Freelancing Mistake: Limiting Clients

A writer (or any other freelance career works here, too) who lands one or two big clients that keep the writer busy full-time must keep marketing. I learned this valuable lesson very early in my writing career. My first paid writing assignments came in 2000, at the height of the dot com boom. As things starting falling apart, so did two of my big writing assignments.
Thankfully, writing was a side career at the time. It didn’t take much for me to start questioning my abilities and whether I should keep at it. So many people want to be writers — what makes me different? No matter my thinking (even back in high school), I pushed forward.
I decided to e-mail people I’ve met through networking, writing, interviewing, and so on. The result? Two new jobs! One of them was working for a company in Minnesota — miles from Texas. I still work for the guy after seven years and we met in person for the first time last February.
I’m lucky that my plate overfloweth, but it’s no time to get lazy with marketing. Companies go out of business, publishers stop using freelancers, businesses change their priorities. Though e-mail requests for quotes come in often, they don’t always pan out or potential clients get sidetracked with other priorities.
Marketing doesn’t mean cold calling — I don’t even do that because the relay service messes up first impressions. Marketing can be:
* staying in touch with an e-mail, phone call or other means.
* sending an occasional newsletter (that offers value).
* keeping Web content fresh (like this blog).
* participating in an e-mail discussion or group forum (meaningfully, not to promote your business).
* asking friends and colleagues for referrals.
Keep marketing.

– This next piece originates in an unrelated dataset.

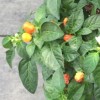 沁舞飞扬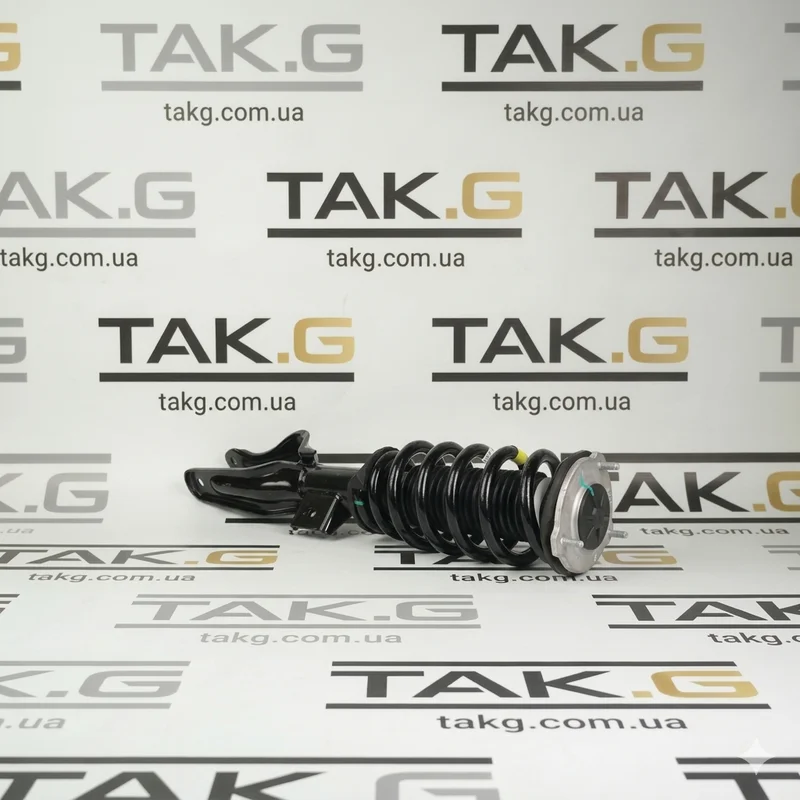 1188368-00-E: Амортизатор передній правий - Фото 1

Two highly recommended books for help with marketing are Get Clients Now! and Book Yourself Solid.

3 thoughts on “Freelancing Mistake: Limiting Clients”

  1. Meryl, I agree with everything you say here.

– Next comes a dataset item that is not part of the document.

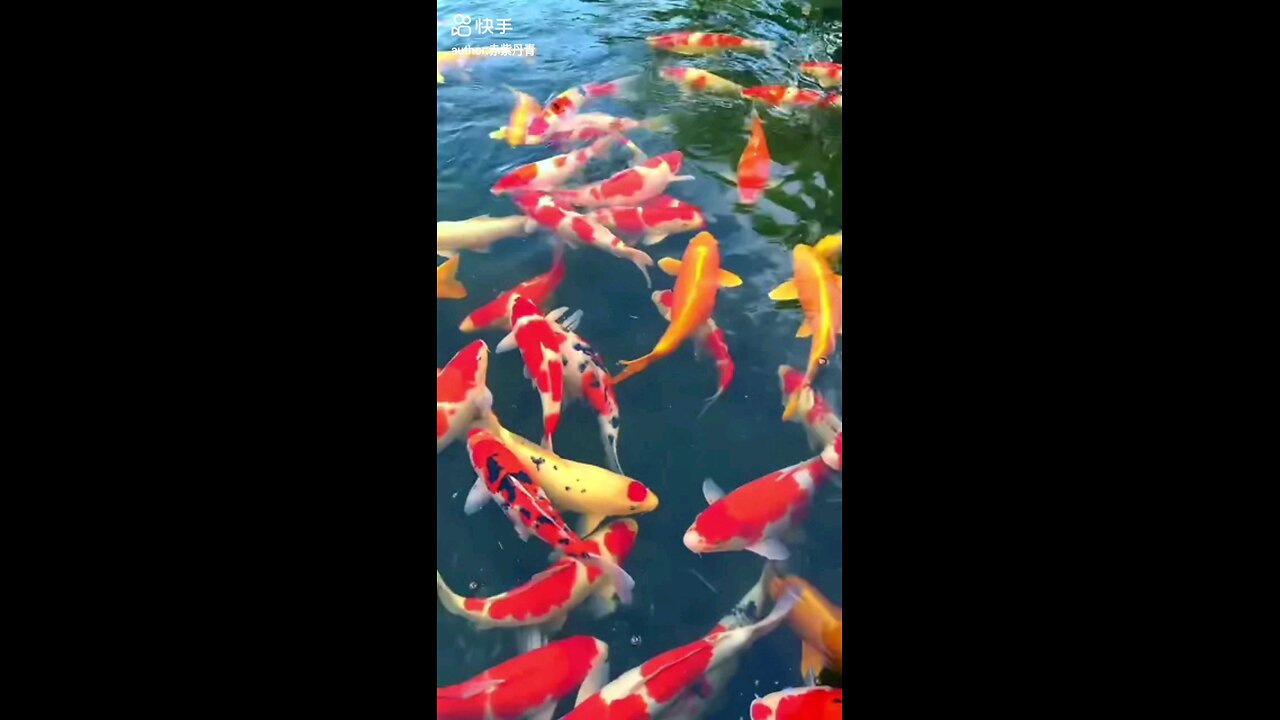 Colourful Fish...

    I’m glad you stressed the importance of consistent marketing, especially when things are busy or are going well in your business.

    What’s interesting is that all, except one, of the marketing strategies you listed are the top 2 most effective marketing strategies for professional services CJ Hayden outlines in her book “Get Clients Now!”. They are the most effective, because they offer a high-touch (outreach) approach and increase your credibility.

    Point #3 falls under one of 2 categories:
    If you’re blogging, it falls under the Writing category (this strategy falls in the middle because, while it increases your visibility and credibility, you’re not reaching out directly to your audience)
    If you’re talking strictly about your website, it falls under the Advertising banner (which is the least effective marketing strategy for entrepreneurs in the service industry, because it offers you visibility only).

    Thanks so much for sharing and for helping your readers understand that marketing has nothing to do with the hard sell, but it’s about building and maintaining relationships on a consistent basis.

    I’ve added your blog to my faves.

  2. These are good suggestions. For my part, I find running free, useful seminars about writing for business people is very effective. Almost all my work this year has come from that. More marketing tips in today’s post on my blog: Ten (free) ways to get more business ( I’m going to add your post into mine as a must-read because you add some suggestions that FreelanceSwitch and I didn’t cover. Thanks.